Using first-principles density functional theory, a tetragonal silicon–boron binary structure with space group P42/mnm is predicted in present work. This structure is confirmed to be dynamically and mechanically stable below 19.3 GPa, and possesses lower energy than other candidates. Based on the plane wave pseudopotential method, the electronic structure, elastic constant, bulk modulus, shear modulus, Young’s modulus, lattice thermal conductivity and phonon lifetime of P42/mnm-BSi are systematically studied. Interestingly, a four-center and six-electron delocalized π bond is found in P42/mnm-BSi, which is the most important factor for its structural stability. The optical spectra calculations reveal that P42/mnm-BSi is a wide band-gap semiconductor with an indirect band-gap of 2.5 eV and has a promising application in the photoelectric devices. The calculated lattice thermal conductivity along the [001] crystal direction is 145 Wm⁻¹ K⁻¹ that is about three times higher than that along both the [100] and [010] directions, which is originated from the different group velocity along the crystal axis. Moreover, the acoustic–optical coupling has some positive influences on lattice thermal conductivity. This study gives a fundamental understanding of the structural, electronic, elastic and heat transport properties in P42/mnm-BSi.

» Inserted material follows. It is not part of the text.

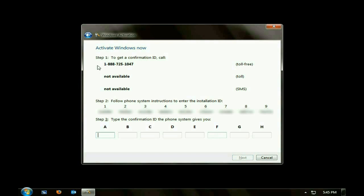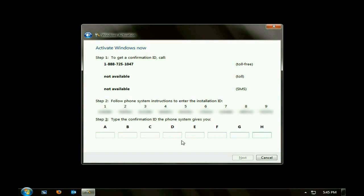Then it's going to give you a telephone number to call and a row of numbers to give the operator once you get them on the phone. And then she will in turn give you numbers to put into this bottom row. Then you click Next, and your Windows is activated.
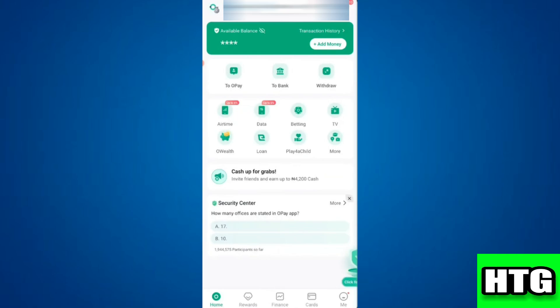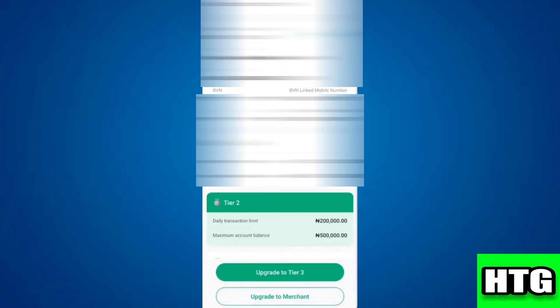Then at the bottom of your screen tap on Account. You will see your BVN listed but it will not be complete.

使用第一原理密度泛函理论，在当前工作中预测了空间群为P42 / mnm的四方硅-硼二元结构。确认该结构在19.3 GPa以下具有动态和机械稳定性，并且比其他候选材料具有更低的能量。基于平面波伪势方法，系统地研究了P42 / mnm -BSi的电子结构，弹性常数，体积模量，剪切模量，杨氏模量，晶格热导率和声子寿命。有趣的是，在P42 / mnm -BSi中发现了四中心和六电子离域的π键，这是对其结构稳定性最重要的因素。光谱计算表明P42 / mnm-BSi是具有2.5 eV的间接带隙的宽带隙半导体，在光电器件中具有广阔的应用前景。沿[001]晶体方向计算的晶格热导率为145 Wm ^-1  K ^-1，比沿[100]和[010]方向的晶格热导率高约三倍，这是由于沿晶格方向的不同基团速度引起的。晶轴。此外，声光耦合对晶格热导率有一些积极影响。这项研究对P42 / mnm -BSi中的结构，电子，弹性和热传递性质有基本的了解。